Taking the listing below, restate word for word each line from the line with "Eine Einzelportionspackung Beeren" to the line with "Lot 1229 - A", ends included, and stop there.

★ ★ ★ ★

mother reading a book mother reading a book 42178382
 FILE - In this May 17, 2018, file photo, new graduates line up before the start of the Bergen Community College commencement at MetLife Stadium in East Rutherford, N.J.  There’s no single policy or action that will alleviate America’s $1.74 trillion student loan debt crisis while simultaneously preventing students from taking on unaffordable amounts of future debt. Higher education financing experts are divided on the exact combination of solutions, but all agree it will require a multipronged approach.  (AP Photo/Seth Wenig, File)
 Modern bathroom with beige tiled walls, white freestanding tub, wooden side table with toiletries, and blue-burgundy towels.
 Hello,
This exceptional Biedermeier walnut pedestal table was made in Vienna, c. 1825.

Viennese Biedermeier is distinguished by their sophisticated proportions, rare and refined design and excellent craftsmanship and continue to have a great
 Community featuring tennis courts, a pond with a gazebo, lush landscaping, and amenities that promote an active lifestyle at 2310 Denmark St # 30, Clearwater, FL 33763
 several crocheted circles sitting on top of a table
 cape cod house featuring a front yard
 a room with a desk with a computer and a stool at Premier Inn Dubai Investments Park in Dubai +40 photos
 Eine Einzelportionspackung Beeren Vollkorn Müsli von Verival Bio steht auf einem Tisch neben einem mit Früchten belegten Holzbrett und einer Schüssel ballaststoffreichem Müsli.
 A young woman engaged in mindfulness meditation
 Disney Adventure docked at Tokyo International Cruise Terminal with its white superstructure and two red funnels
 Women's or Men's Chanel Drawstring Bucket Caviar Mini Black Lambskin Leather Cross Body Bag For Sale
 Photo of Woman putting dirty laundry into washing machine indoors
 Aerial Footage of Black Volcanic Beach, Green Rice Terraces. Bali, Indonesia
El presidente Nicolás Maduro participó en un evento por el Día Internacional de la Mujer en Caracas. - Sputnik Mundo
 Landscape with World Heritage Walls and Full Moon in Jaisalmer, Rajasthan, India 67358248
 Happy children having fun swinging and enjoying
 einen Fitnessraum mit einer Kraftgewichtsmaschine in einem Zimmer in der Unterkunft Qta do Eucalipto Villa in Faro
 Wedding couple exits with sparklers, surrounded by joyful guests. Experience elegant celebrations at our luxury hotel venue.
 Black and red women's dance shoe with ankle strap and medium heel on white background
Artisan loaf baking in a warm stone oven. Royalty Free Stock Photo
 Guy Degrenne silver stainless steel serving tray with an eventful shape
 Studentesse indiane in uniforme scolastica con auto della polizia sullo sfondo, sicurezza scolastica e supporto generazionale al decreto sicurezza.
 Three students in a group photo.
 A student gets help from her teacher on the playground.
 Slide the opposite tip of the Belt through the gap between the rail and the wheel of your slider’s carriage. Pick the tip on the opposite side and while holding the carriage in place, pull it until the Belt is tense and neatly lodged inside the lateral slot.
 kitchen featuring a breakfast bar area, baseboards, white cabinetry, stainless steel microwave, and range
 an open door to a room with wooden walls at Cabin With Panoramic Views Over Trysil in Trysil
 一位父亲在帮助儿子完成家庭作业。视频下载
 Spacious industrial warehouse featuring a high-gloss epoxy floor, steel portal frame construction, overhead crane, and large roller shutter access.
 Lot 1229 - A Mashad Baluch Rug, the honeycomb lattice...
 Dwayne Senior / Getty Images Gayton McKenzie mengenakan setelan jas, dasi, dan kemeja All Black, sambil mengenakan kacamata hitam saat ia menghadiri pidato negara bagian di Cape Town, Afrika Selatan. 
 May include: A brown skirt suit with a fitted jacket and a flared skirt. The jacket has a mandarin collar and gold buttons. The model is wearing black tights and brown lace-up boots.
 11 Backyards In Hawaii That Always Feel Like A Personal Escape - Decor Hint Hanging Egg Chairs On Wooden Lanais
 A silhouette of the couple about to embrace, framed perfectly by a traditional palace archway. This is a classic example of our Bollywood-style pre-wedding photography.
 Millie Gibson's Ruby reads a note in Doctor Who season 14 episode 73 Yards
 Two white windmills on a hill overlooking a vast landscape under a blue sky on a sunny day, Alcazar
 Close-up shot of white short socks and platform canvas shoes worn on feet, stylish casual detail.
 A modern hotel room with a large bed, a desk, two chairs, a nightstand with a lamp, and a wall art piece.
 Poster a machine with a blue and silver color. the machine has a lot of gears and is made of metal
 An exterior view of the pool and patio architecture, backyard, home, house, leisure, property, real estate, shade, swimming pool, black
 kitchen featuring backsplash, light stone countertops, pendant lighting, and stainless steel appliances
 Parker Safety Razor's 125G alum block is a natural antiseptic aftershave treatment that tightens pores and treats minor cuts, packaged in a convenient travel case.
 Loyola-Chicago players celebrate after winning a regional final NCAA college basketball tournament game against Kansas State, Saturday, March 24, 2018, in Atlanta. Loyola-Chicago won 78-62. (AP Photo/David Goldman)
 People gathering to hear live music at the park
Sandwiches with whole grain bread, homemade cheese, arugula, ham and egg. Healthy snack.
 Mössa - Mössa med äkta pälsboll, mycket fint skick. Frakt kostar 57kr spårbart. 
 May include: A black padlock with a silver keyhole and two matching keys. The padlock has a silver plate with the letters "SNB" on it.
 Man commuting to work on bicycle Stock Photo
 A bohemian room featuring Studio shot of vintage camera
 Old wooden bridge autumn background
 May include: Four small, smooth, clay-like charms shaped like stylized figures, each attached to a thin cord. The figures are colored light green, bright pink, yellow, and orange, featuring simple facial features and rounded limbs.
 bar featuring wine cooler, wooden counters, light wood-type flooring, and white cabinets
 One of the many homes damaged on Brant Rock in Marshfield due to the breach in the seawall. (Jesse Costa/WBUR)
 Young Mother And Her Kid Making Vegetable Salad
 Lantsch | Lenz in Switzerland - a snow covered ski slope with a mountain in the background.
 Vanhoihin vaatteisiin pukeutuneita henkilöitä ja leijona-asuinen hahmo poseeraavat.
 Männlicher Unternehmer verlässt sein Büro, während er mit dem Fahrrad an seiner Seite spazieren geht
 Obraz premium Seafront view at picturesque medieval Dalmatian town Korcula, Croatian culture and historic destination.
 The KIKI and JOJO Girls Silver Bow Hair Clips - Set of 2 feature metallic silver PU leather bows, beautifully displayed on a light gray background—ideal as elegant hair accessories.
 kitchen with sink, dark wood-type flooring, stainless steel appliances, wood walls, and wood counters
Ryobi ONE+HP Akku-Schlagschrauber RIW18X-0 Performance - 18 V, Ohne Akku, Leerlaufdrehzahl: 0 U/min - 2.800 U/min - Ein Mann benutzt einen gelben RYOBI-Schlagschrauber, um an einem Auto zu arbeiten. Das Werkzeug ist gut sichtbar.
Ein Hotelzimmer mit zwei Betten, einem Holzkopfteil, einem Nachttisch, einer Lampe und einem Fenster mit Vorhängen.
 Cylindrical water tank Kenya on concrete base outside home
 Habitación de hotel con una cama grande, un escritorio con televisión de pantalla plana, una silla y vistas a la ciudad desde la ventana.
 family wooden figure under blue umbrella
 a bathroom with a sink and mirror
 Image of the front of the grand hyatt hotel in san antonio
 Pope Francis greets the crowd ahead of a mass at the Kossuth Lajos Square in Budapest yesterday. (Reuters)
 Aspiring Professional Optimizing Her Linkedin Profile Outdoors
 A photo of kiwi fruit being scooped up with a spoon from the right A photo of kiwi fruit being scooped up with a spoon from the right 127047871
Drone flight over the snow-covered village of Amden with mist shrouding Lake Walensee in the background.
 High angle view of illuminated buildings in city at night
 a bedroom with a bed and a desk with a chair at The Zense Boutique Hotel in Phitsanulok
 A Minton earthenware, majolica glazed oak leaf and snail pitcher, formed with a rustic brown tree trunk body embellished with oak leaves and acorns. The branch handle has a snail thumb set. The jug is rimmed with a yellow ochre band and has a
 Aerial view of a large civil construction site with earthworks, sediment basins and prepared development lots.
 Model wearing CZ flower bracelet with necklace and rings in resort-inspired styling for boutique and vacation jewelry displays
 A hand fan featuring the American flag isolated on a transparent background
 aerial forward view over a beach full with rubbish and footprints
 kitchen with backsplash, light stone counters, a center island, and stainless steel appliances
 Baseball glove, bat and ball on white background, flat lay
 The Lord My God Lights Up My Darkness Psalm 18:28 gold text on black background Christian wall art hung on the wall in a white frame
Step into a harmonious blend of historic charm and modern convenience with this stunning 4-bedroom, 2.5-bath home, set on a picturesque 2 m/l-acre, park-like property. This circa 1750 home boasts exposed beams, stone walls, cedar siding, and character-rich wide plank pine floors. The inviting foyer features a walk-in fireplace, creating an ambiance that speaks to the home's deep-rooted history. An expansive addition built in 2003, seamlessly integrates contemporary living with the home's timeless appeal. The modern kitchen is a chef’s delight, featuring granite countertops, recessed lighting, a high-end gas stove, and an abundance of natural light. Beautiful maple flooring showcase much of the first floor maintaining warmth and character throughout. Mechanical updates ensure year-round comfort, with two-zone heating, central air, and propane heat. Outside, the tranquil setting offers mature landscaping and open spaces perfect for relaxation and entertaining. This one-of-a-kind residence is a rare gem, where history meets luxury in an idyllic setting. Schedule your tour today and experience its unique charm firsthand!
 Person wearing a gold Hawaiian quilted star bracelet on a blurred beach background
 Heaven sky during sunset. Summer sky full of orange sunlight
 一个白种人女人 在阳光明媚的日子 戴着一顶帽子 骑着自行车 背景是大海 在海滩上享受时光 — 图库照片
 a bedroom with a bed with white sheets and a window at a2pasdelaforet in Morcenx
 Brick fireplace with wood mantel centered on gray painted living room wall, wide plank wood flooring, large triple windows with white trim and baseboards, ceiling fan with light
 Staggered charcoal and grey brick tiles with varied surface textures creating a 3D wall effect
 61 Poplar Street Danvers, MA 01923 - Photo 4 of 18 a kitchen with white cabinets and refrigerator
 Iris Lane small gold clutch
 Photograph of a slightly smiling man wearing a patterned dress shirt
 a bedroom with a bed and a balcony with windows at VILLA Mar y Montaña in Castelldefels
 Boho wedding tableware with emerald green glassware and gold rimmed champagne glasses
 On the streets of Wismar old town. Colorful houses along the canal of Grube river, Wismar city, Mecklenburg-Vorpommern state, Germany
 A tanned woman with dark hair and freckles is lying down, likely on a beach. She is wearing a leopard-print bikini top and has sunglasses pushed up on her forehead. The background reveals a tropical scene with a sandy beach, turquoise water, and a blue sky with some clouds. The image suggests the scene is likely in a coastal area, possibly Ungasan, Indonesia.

★ ★ ★ ★

Task solution:
 Eine Einzelportionspackung Beeren Vollkorn Müsli von Verival Bio steht auf einem Tisch neben einem mit Früchten belegten Holzbrett und einer Schüssel ballaststoffreichem Müsli.
 A young woman engaged in mindfulness meditation
 Disney Adventure docked at Tokyo International Cruise Terminal with its white superstructure and two red funnels
 Women's or Men's Chanel Drawstring Bucket Caviar Mini Black Lambskin Leather Cross Body Bag For Sale
 Photo of Woman putting dirty laundry into washing machine indoors
 Aerial Footage of Black Volcanic Beach, Green Rice Terraces. Bali, Indonesia
El presidente Nicolás Maduro participó en un evento por el Día Internacional de la Mujer en Caracas. - Sputnik Mundo
 Landscape with World Heritage Walls and Full Moon in Jaisalmer, Rajasthan, India 67358248
 Happy children having fun swinging and enjoying
 einen Fitnessraum mit einer Kraftgewichtsmaschine in einem Zimmer in der Unterkunft Qta do Eucalipto Villa in Faro
 Wedding couple exits with sparklers, surrounded by joyful guests. Experience elegant celebrations at our luxury hotel venue.
 Black and red women's dance shoe with ankle strap and medium heel on white background
Artisan loaf baking in a warm stone oven. Royalty Free Stock Photo
 Guy Degrenne silver stainless steel serving tray with an eventful shape
 Studentesse indiane in uniforme scolastica con auto della polizia sullo sfondo, sicurezza scolastica e supporto generazionale al decreto sicurezza.
 Three students in a group photo.
 A student gets help from her teacher on the playground.
 Slide the opposite tip of the Belt through the gap between the rail and the wheel of your slider’s carriage. Pick the tip on the opposite side and while holding the carriage in place, pull it until the Belt is tense and neatly lodged inside the lateral slot.
 kitchen featuring a breakfast bar area, baseboards, white cabinetry, stainless steel microwave, and range
 an open door to a room with wooden walls at Cabin With Panoramic Views Over Trysil in Trysil
 一位父亲在帮助儿子完成家庭作业。视频下载
 Spacious industrial warehouse featuring a high-gloss epoxy floor, steel portal frame construction, overhead crane, and large roller shutter access.
 Lot 1229 - A Mashad Baluch Rug, the honeycomb lattice...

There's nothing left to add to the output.